Depreciation on property, plant and equipment is provided at rates estimated by the management. Depreciation is computed using the straight-line method of depreciation, whereby each asset is written down to its estimated residual value evenly over its expected useful life.  The useful lives estimated by the management are as follows:

 

Extended well test equipment

20 years

Bunk houses

5 years

Vehicles

5 years

Other assets


Furniture and fixture

5 years

Buildings

10 years

Computer equipment

3 years

Other equipment

5 years

Land acquired is recognized at cost and no depreciation is charged as it has an unlimited useful life.

 

Production assets are depreciated from the date of commencement of production, on a field-by-field basis with reference to the unit of production method for the commercially probable and proven reserves in the particular field.

 

Advances paid for the acquisition/ construction of property, plant and equipment which are outstanding as at the end of the reporting period and the cost of property, plant and equipment under construction before such date are disclosed as 'Capital work-in-progress'.

 

6.6.       EXPLORATION AND EVALUATION ASSETS

 

The Group adopts the full cost method of accounting for its oil and gas interests, having regard to the requirements of IFRS 6: Exploration for and Evaluation of Mineral Resources. Under the full cost method of accounting, all costs of exploring for and evaluating oil and gas properties, whether productive or not are accumulated and capitalized by reference to appropriate cost pools. Such cost pools are based on geographic areas and are not larger than a segment. The Group currently has one cost pool being an area of land located in Rajasthan, India.

 

Exploration and evaluation costs may include costs of license acquisition, directly attributable exploration costs such as technical services and studies, seismic data acquisition and processing, exploration drilling and testing, technical feasibility, commercial viability costs, finance costs to the extent they are directly attributable to financing these activities and an allocation of administrative and salary costs as determined by management. All costs incurred prior to the award of an exploration license are written off as a loss in the year incurred.

 

Exploration and evaluation costs are classified as tangible asset according to the nature of the assets acquired and the classification is applied consistently. Tangible exploration and evaluation assets are recognized and measured in accordance with the accounting policy on property, plant and equipment. To the extent that such a tangible asset is consumed in developing exploration and evaluation asset, the amount reflecting that consumption is recorded as part of the cost of the asset.

 

Exploration and evaluation assets are not amortized prior to the conclusion of appraisal activities. Where technical feasibility and commercial viability is demonstrated, the carrying value of the relevant exploration and evaluation asset is reclassified as a development and production asset and tested for impairment on the date of reclassification. Impairment loss, if any, is recognized.

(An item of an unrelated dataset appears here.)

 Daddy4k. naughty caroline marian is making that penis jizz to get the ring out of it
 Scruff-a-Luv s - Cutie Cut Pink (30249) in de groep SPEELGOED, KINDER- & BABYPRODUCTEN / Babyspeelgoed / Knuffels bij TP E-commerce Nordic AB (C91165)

The group has completed exploration and evaluation phase in 2017 when field development plan has been approved by Directorate General of Hydrocarbons ('DGH') i.e., technical feasibility and commercial viability were demonstrable. Therefore, any cost incurred thereafter on development activities is capitalized directly to development assets.

 

6.7.   IMPAIRMENT TESTING FOR EXPLORATION AND EVALUATION ASSETS AND PROPERTY, PLANT AND EQUIPMENT

 

An impairment loss is recognized for the amount by which an asset's cash-generating unit's carrying amount exceeds its recoverable amount. The recoverable amount is the higher of fair value, reflecting market conditions less costs to sell, and value in use based on an internal discounted cash flow evaluation.

 

Where there are indicators that an exploration asset may be impaired, the exploration and evaluation assets are grouped with all development/producing assets belonging to the same geographic segment to form the Cash Generating Unit (CGU) for impairment testing. Where there are indicators that an item of property, plant and equipment asset is impaired, assets are grouped at the lowest levels for which there are separately identifiable cash flows to form the CGU. The combined cost of the CGU is compared against the CGU's recoverable amount and any resulting impairment loss is written off in the profit or loss of the year. No impairment has been recognized during the year.

 

An assessment is made at each reporting date as to whether there is any indication that previously recognized impairment losses may no longer exist or may have decreased. If such indication exists, the Group estimates the asset's or CGU's recoverable amount. A previously recognized impairment loss is reversed only if there has been a change in the assumptions used to determine the asset's recoverable amount since the last impairment loss was recognized. The reversal is limited so that the carrying amount of the asset does not exceed its recoverable amount, nor exceed the carrying amount that would have been determined, net of depreciation, had no impairment loss been recognized for the asset in prior years. Such reversal is recognized in profit or loss unless the asset is carried at a re-valued amount, in which case the reversal is treated as a revaluation increase.

 

6.8.       FINANCIAL ASSETS

 

Financial Instruments

 

Financial assets and financial liabilities are recognized when the Group becomes a party to the contractual provisions of the financial instrument. Financial assets are derecognized when the contractual rights to the cash flows from the financial asset expire, or when the financial asset and all substantial risks and rewards are transferred. A financial liability is derecognized when it is extinguished, discharged, cancelled or expires. Financial assets and financial liabilities are measured initially at fair value plus transactions costs, except for financial assets and financial liabilities carried subsequently at fair value through profit or loss, which are measured initially at fair value. Trade receivables that do not contain a significant financing component are measured at the transaction price. The value of interest free financial assets and financial liabilities with short term maturities are not discounted at initial recognition if the impact is not material. Financial assets and financial liabilities are measured subsequently as described below.

 

Recognition of Financial Asset

On initial recognition, a financial asset is classified as measured at

 - Amortized cost;

 - Fair value through other comprehensive income (FVOCI) - debt investment;

 - Fair value through other comprehensive income (FVOCI) - equity investment; or

 - Fair value through profit and loss (FVTPL)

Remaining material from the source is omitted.